Big idea (part one): The People
Start young. In our schools the importance of the city and its region should be reiterated time and again. Ongoing innovations pioneered in the region should be underlined at every opportunity. There should be tours for kids not only to specific museums or attractions but city-wide so that an idea of the scale of Manchester and its surrounding towns, the range of amenity and the achievement is highlighted. We need to build pride and a sense of identity from a young age, and we need to give it shape. We have to show young people there is more to the city than United, City, shops, gig venues and a few bands. All this could fit in with established national curriculum guidelines.
Liverpool has one. Glasgow has one. Manchester doesn’t
Big idea (part two): A Museum of Manchester
Liverpool has one. Glasgow has one. Manchester doesn’t. Yet our impact on the world has been far greater. It’s might be good that several of our museums look at aspects of the city’s story, the Museum of Science and Industry, for example, has the Revolution Manchester gallery looking at the city’s scientific and technological contributions, but we really need something that reveals the bigger picture. We need a museum or gallery that brings the city region’s politics, diversity, society, culture and art together and also examines the personalities that made a contribution and still do to the city and to national and global life.
So what is the problem…
So why do we suffer from this lack of attention to detail, aside from a lack of cash? I’ve written about this before but I still feel somewhere in the backs of the minds of many city councillors, business leaders, teachers, academics and many native Mancunians, there persists a nagging worry that we aren't good enough, that we aren't really a tourist city, not in the way London or York is.

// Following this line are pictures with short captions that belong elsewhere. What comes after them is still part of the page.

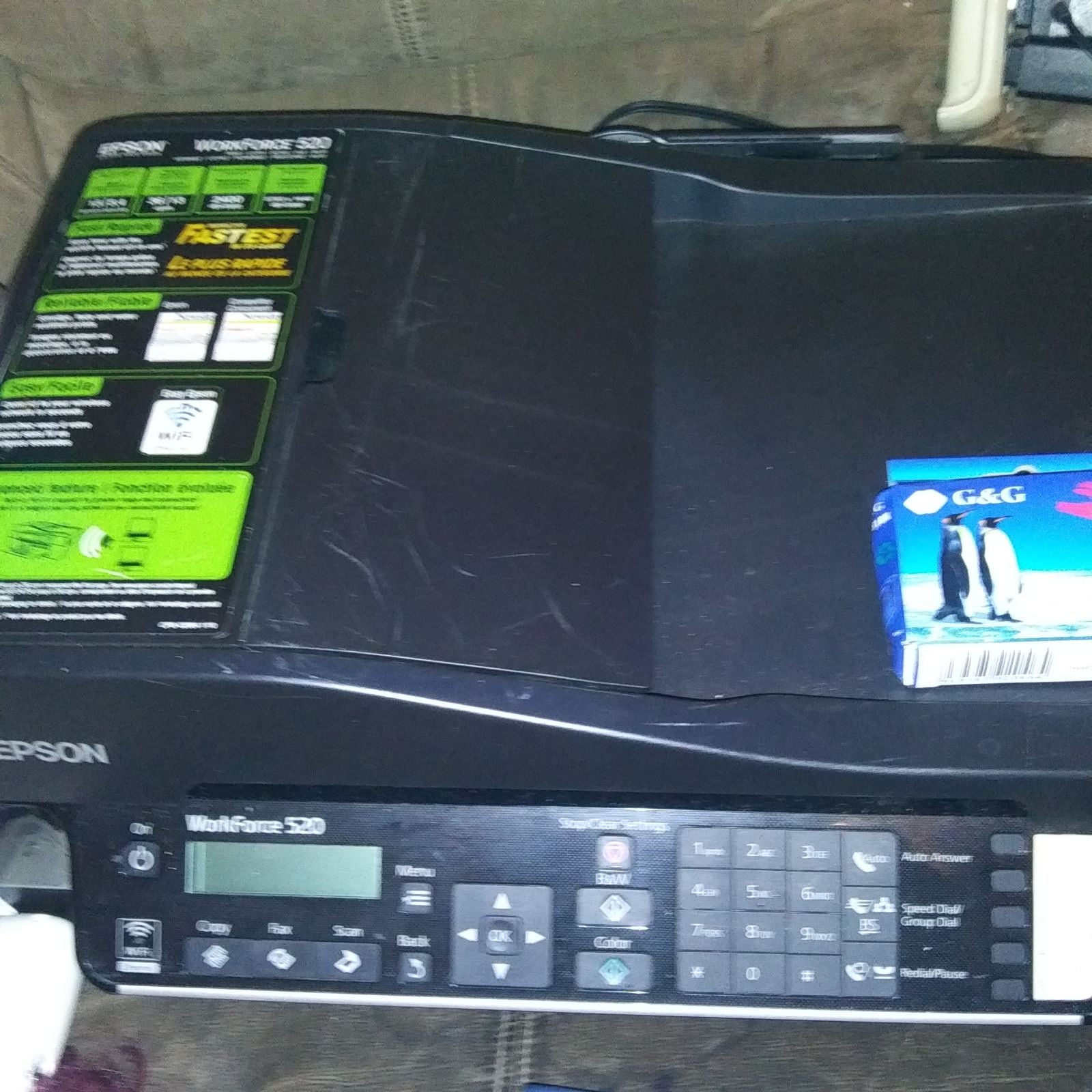Epson WF520
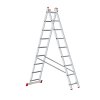 hlinikovy dvoudilny vysuvny zebrik venbos hobby 2x9 pricek 3 94 m 14479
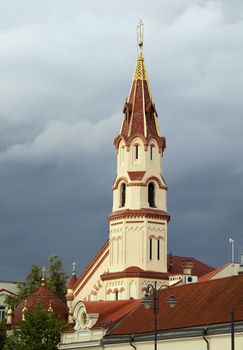Orthodox church of St. Nicholas in Vilnius, Lithuania
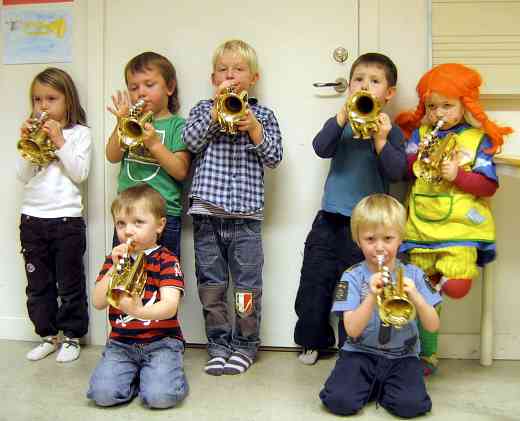 Suzuki Trumpet Students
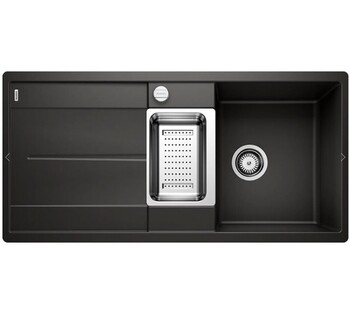 Blanco Metra Sort Køkkenvask 99x49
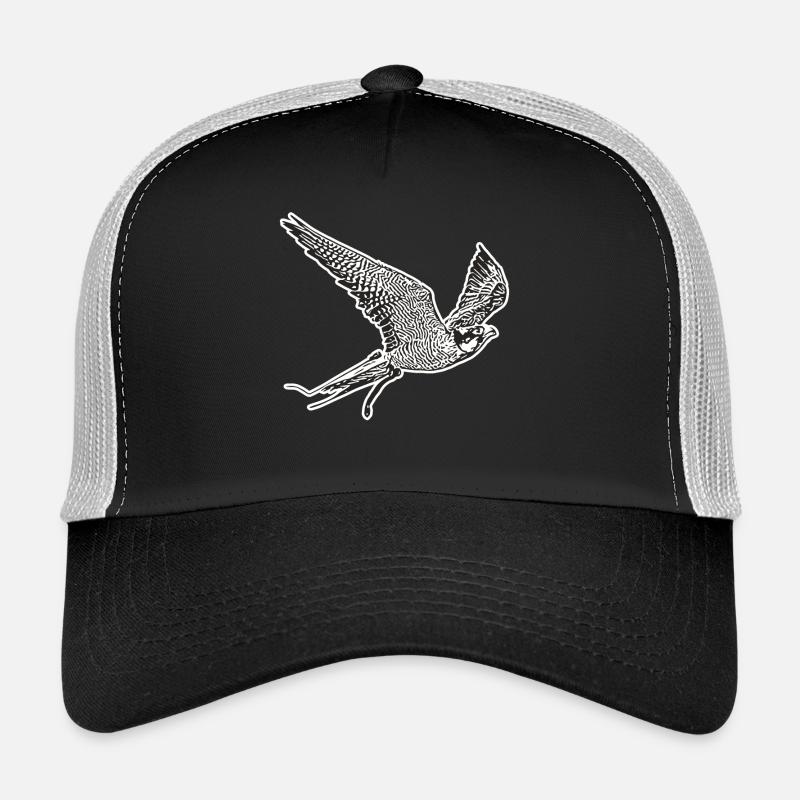 Falke im Flug Trucker Cap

It’s a Manchester neurosis that gets in the way of getting over the line when it comes to maximizing the tourist experience. It gets in the way of thinking coherently about the tourism experience and getting that detail right rather than finding millions to pump into a new gallery.
This lack of confidence may come as a surprise.
It’s good to remember that if a city is better for visitors it will certainly be better for its citizens.
Many people in Britain’s other main cities feel Manchester shouts too loudly about itself. I’ve had their representatives tell me this face-to-face. But when I tell Mancs I’m a tour guide for their city, they invariably say, “What do you show them?” I throw the question back and often they have no clue. This is saddening. But if as they walked around and found the fountains working, the little gardens immaculate, the streets and even the backstreets and canal sides clean; if they found the story of their city explained as they went and saw the bars, restaurants, shops and offices were out hosing down their frontages, then maybe that attitude would change.
As we all know the devil is in the detail, but delight can in the detail as well. It's curious that an issue that seems the easiest thing to fix for Manchester tourism has proved the most intractable. It’s good to remember that if a city is better for visitors it will certainly be better for its citizens.